Write out exactly the lines below from the one containing "der Anliegerfußweg zu der Reihenhauszeile" to the last, both ends kept, and nothing more; skip all pictures.

▬▬▬▬▬▬▬▬▬▬

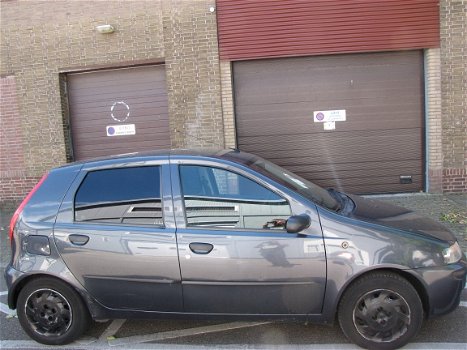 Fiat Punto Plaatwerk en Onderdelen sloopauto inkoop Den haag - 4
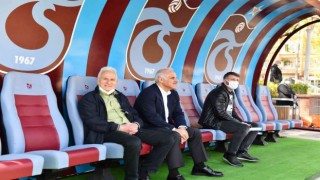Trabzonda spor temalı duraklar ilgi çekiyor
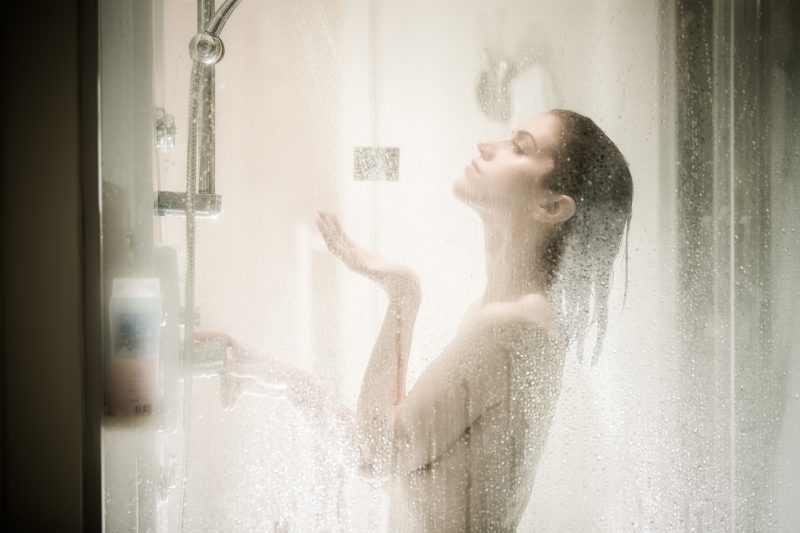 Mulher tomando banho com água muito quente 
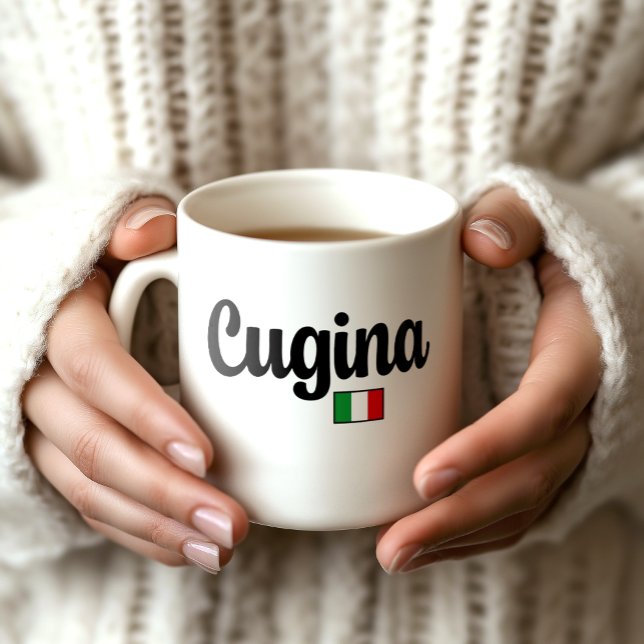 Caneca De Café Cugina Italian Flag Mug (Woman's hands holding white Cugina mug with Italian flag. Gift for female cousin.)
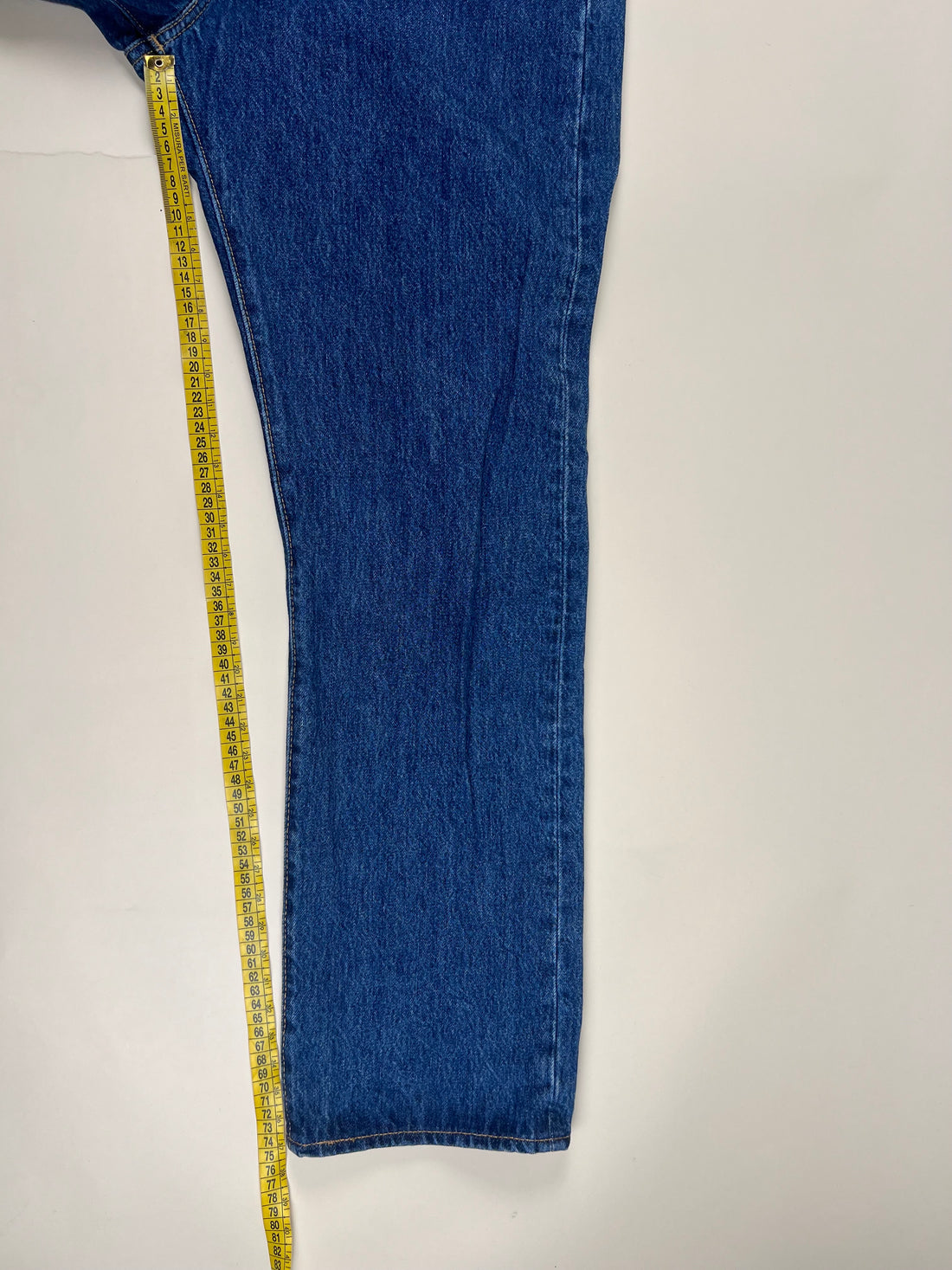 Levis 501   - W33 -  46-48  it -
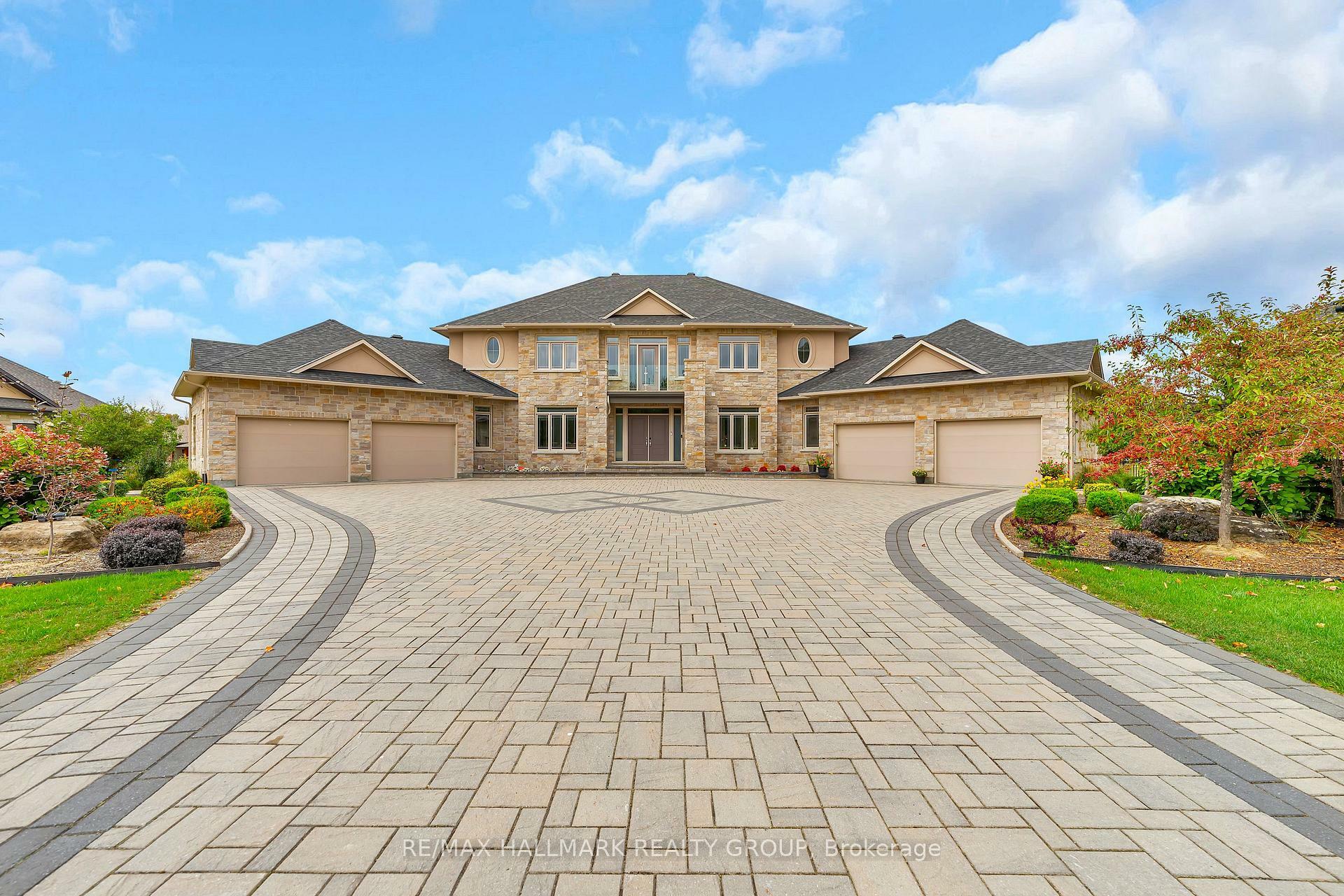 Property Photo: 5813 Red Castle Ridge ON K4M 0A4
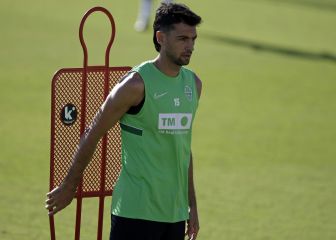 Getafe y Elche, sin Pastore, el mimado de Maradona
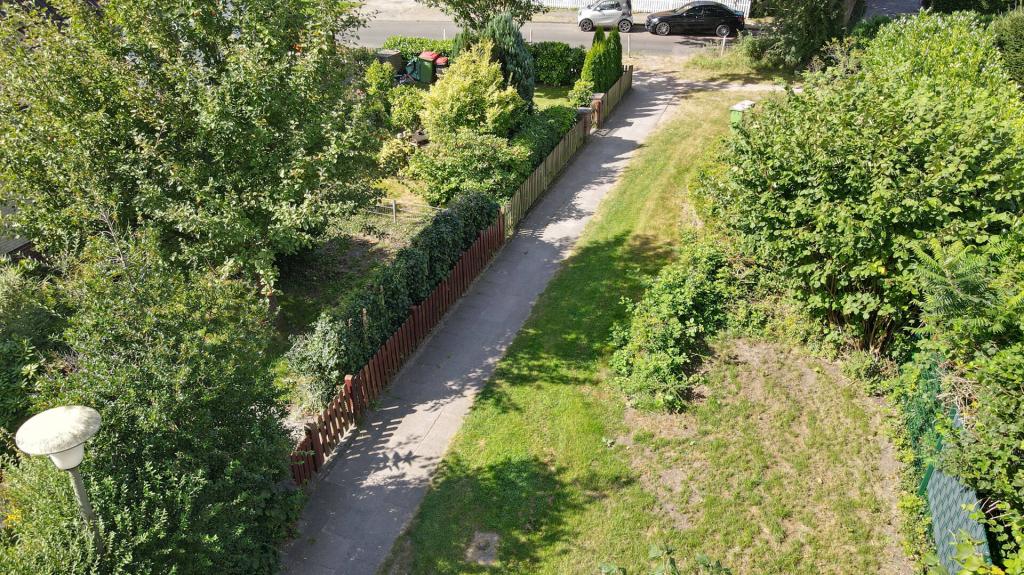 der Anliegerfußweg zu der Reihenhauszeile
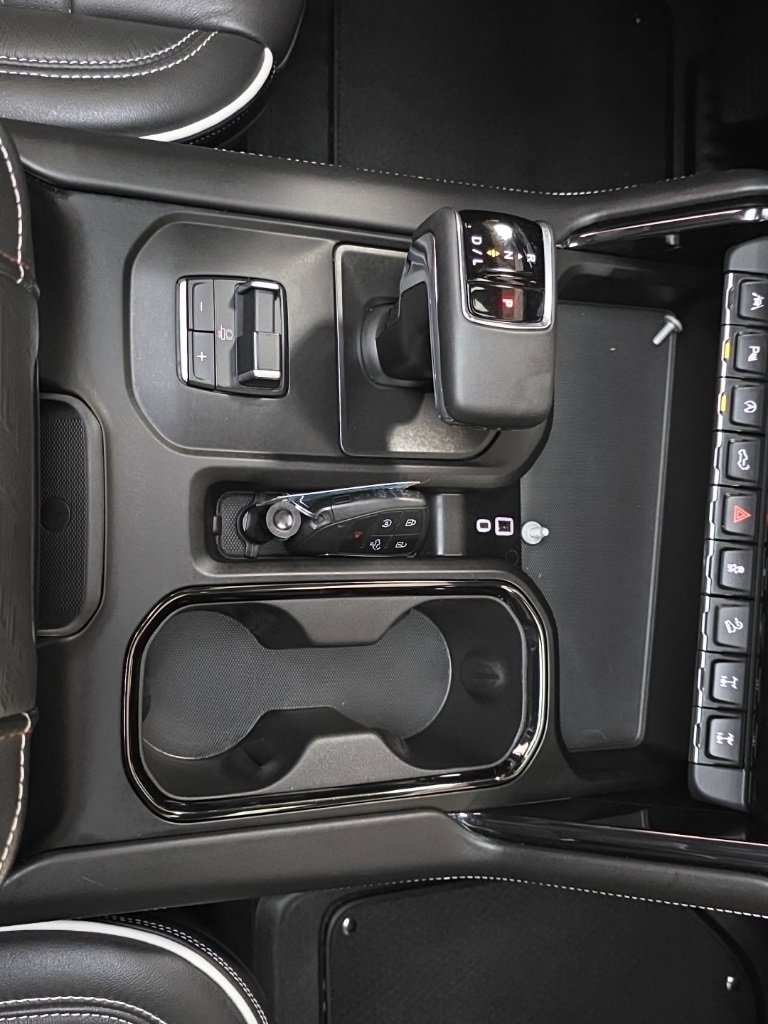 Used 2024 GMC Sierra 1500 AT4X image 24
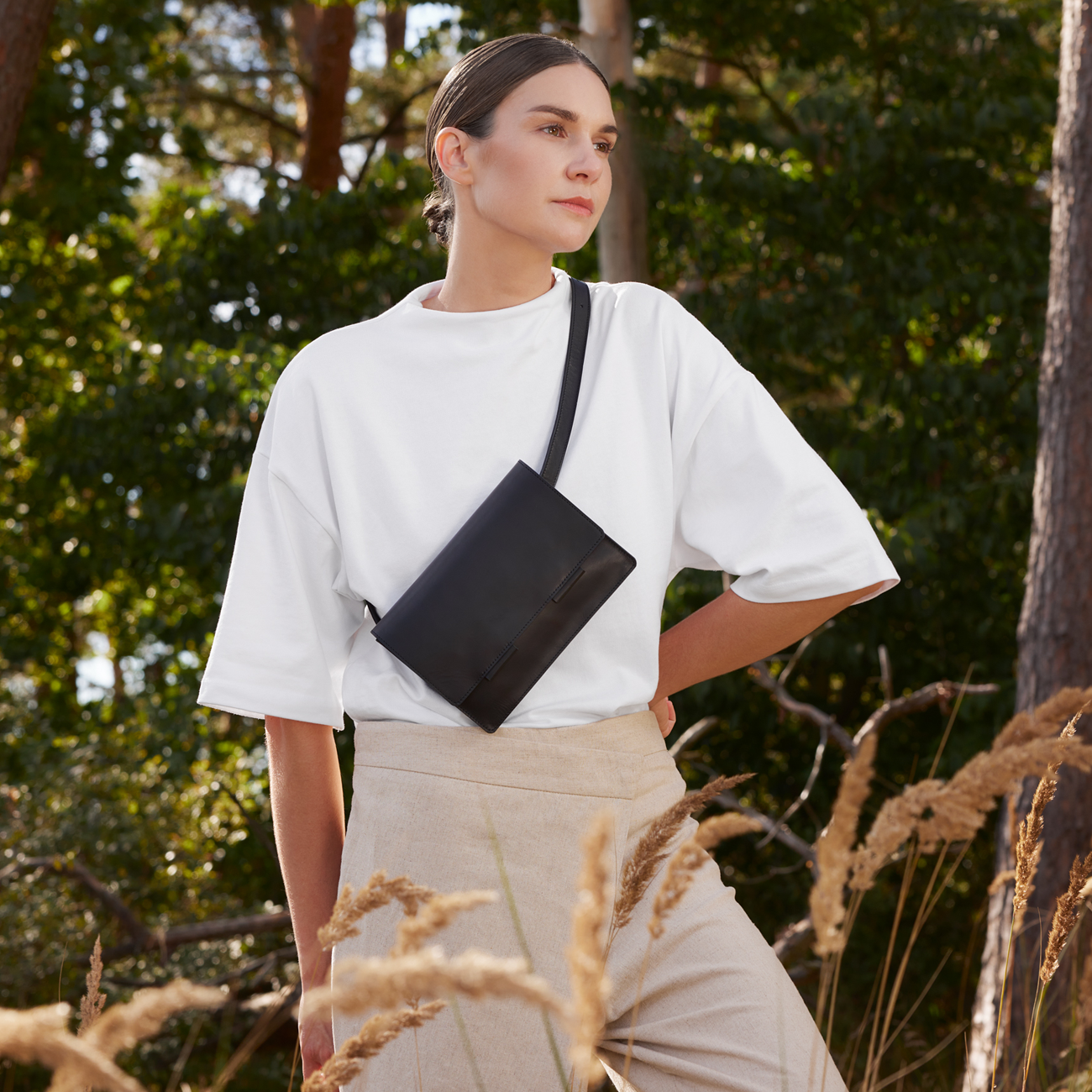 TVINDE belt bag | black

▬▬▬▬▬▬▬▬▬▬

■ **Task answer**:
 der Anliegerfußweg zu der Reihenhauszeile
 Used 2024 GMC Sierra 1500 AT4X image 24
 TVINDE belt bag | black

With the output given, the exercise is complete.